Problem details: Set down the material again. Keep every line exactly as it is.

Raw data:
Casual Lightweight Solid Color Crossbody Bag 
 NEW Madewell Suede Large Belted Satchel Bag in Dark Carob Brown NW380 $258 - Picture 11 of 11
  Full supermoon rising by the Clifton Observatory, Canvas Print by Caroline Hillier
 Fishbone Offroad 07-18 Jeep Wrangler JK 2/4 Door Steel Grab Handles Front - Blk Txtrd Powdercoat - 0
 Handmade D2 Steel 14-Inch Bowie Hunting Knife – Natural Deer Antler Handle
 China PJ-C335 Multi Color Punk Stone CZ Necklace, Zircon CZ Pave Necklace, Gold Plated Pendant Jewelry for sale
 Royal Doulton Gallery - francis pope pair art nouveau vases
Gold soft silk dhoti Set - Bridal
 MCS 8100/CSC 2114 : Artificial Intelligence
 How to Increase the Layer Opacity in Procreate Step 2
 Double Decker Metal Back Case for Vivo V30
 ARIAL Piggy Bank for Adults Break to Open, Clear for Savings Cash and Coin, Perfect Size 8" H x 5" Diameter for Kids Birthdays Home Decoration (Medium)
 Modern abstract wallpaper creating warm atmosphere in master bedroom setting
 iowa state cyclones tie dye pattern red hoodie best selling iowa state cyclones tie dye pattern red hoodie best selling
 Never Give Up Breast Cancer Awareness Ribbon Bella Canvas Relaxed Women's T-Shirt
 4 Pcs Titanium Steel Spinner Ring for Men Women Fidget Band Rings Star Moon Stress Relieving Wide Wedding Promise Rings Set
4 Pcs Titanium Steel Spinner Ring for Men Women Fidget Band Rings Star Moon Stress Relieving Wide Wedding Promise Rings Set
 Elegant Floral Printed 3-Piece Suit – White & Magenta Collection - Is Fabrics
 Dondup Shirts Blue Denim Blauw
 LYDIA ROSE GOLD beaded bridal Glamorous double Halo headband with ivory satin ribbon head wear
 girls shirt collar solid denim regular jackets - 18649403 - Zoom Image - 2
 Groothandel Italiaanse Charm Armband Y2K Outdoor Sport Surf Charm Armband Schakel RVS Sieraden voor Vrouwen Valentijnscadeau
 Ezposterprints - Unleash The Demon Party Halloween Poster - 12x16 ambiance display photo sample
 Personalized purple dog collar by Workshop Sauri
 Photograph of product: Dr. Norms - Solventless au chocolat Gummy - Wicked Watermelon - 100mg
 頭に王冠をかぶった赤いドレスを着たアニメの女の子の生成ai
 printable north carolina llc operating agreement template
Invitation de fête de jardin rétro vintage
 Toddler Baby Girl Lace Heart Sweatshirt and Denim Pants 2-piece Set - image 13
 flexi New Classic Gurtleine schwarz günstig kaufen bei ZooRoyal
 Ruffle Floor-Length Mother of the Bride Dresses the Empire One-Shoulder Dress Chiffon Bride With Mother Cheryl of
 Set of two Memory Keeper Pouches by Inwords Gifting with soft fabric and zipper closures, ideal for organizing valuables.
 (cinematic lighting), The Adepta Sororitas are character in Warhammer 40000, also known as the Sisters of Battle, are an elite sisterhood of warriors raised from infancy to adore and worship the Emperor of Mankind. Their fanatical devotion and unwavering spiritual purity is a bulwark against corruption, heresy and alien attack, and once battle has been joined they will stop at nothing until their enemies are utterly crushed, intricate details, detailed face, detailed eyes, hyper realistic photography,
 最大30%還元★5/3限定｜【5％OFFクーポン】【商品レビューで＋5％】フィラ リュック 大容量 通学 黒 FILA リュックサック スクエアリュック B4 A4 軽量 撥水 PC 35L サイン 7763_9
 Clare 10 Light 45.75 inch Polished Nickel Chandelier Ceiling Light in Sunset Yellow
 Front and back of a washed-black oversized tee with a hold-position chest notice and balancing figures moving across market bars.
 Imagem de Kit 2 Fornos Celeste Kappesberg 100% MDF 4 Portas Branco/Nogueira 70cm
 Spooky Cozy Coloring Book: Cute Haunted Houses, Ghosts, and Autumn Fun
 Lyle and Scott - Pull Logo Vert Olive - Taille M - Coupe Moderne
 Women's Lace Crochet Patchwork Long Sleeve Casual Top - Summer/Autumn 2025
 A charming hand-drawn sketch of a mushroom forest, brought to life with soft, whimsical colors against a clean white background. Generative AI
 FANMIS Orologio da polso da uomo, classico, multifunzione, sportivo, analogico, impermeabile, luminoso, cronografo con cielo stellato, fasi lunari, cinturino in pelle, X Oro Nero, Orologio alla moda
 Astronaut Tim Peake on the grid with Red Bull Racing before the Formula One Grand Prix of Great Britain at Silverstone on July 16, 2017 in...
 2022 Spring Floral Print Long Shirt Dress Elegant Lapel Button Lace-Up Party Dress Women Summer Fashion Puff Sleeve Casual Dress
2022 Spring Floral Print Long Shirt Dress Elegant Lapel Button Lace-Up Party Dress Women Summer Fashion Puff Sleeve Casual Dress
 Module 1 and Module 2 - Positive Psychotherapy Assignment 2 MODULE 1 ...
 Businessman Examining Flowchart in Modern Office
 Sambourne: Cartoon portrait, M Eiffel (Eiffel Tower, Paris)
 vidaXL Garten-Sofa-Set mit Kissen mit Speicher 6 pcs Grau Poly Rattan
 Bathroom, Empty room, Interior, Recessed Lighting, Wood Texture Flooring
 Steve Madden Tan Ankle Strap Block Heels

Answer space:
Casual Lightweight Solid Color Crossbody Bag 
 NEW Madewell Suede Large Belted Satchel Bag in Dark Carob Brown NW380 $258 - Picture 11 of 11
  Full supermoon rising by the Clifton Observatory, Canvas Print by Caroline Hillier
 Fishbone Offroad 07-18 Jeep Wrangler JK 2/4 Door Steel Grab Handles Front - Blk Txtrd Powdercoat - 0
 Handmade D2 Steel 14-Inch Bowie Hunting Knife – Natural Deer Antler Handle
 China PJ-C335 Multi Color Punk Stone CZ Necklace, Zircon CZ Pave Necklace, Gold Plated Pendant Jewelry for sale
 Royal Doulton Gallery - francis pope pair art nouveau vases
Gold soft silk dhoti Set - Bridal
 MCS 8100/CSC 2114 : Artificial Intelligence
 How to Increase the Layer Opacity in Procreate Step 2
 Double Decker Metal Back Case for Vivo V30
 ARIAL Piggy Bank for Adults Break to Open, Clear for Savings Cash and Coin, Perfect Size 8" H x 5" Diameter for Kids Birthdays Home Decoration (Medium)
 Modern abstract wallpaper creating warm atmosphere in master bedroom setting
 iowa state cyclones tie dye pattern red hoodie best selling iowa state cyclones tie dye pattern red hoodie best selling
 Never Give Up Breast Cancer Awareness Ribbon Bella Canvas Relaxed Women's T-Shirt
 4 Pcs Titanium Steel Spinner Ring for Men Women Fidget Band Rings Star Moon Stress Relieving Wide Wedding Promise Rings Set
4 Pcs Titanium Steel Spinner Ring for Men Women Fidget Band Rings Star Moon Stress Relieving Wide Wedding Promise Rings Set
 Elegant Floral Printed 3-Piece Suit – White & Magenta Collection - Is Fabrics
 Dondup Shirts Blue Denim Blauw
 LYDIA ROSE GOLD beaded bridal Glamorous double Halo headband with ivory satin ribbon head wear
 girls shirt collar solid denim regular jackets - 18649403 - Zoom Image - 2
 Groothandel Italiaanse Charm Armband Y2K Outdoor Sport Surf Charm Armband Schakel RVS Sieraden voor Vrouwen Valentijnscadeau
 Ezposterprints - Unleash The Demon Party Halloween Poster - 12x16 ambiance display photo sample
 Personalized purple dog collar by Workshop Sauri
 Photograph of product: Dr. Norms - Solventless au chocolat Gummy - Wicked Watermelon - 100mg
 頭に王冠をかぶった赤いドレスを着たアニメの女の子の生成ai
 printable north carolina llc operating agreement template
Invitation de fête de jardin rétro vintage
 Toddler Baby Girl Lace Heart Sweatshirt and Denim Pants 2-piece Set - image 13
 flexi New Classic Gurtleine schwarz günstig kaufen bei ZooRoyal
 Ruffle Floor-Length Mother of the Bride Dresses the Empire One-Shoulder Dress Chiffon Bride With Mother Cheryl of
 Set of two Memory Keeper Pouches by Inwords Gifting with soft fabric and zipper closures, ideal for organizing valuables.
 (cinematic lighting), The Adepta Sororitas are character in Warhammer 40000, also known as the Sisters of Battle, are an elite sisterhood of warriors raised from infancy to adore and worship the Emperor of Mankind. Their fanatical devotion and unwavering spiritual purity is a bulwark against corruption, heresy and alien attack, and once battle has been joined they will stop at nothing until their enemies are utterly crushed, intricate details, detailed face, detailed eyes, hyper realistic photography,
 最大30%還元★5/3限定｜【5％OFFクーポン】【商品レビューで＋5％】フィラ リュック 大容量 通学 黒 FILA リュックサック スクエアリュック B4 A4 軽量 撥水 PC 35L サイン 7763_9
 Clare 10 Light 45.75 inch Polished Nickel Chandelier Ceiling Light in Sunset Yellow
 Front and back of a washed-black oversized tee with a hold-position chest notice and balancing figures moving across market bars.
 Imagem de Kit 2 Fornos Celeste Kappesberg 100% MDF 4 Portas Branco/Nogueira 70cm
 Spooky Cozy Coloring Book: Cute Haunted Houses, Ghosts, and Autumn Fun
 Lyle and Scott - Pull Logo Vert Olive - Taille M - Coupe Moderne
 Women's Lace Crochet Patchwork Long Sleeve Casual Top - Summer/Autumn 2025
 A charming hand-drawn sketch of a mushroom forest, brought to life with soft, whimsical colors against a clean white background. Generative AI
 FANMIS Orologio da polso da uomo, classico, multifunzione, sportivo, analogico, impermeabile, luminoso, cronografo con cielo stellato, fasi lunari, cinturino in pelle, X Oro Nero, Orologio alla moda
 Astronaut Tim Peake on the grid with Red Bull Racing before the Formula One Grand Prix of Great Britain at Silverstone on July 16, 2017 in...
 2022 Spring Floral Print Long Shirt Dress Elegant Lapel Button Lace-Up Party Dress Women Summer Fashion Puff Sleeve Casual Dress
2022 Spring Floral Print Long Shirt Dress Elegant Lapel Button Lace-Up Party Dress Women Summer Fashion Puff Sleeve Casual Dress
 Module 1 and Module 2 - Positive Psychotherapy Assignment 2 MODULE 1 ...
 Businessman Examining Flowchart in Modern Office
 Sambourne: Cartoon portrait, M Eiffel (Eiffel Tower, Paris)
 vidaXL Garten-Sofa-Set mit Kissen mit Speicher 6 pcs Grau Poly Rattan
 Bathroom, Empty room, Interior, Recessed Lighting, Wood Texture Flooring
 Steve Madden Tan Ankle Strap Block Heels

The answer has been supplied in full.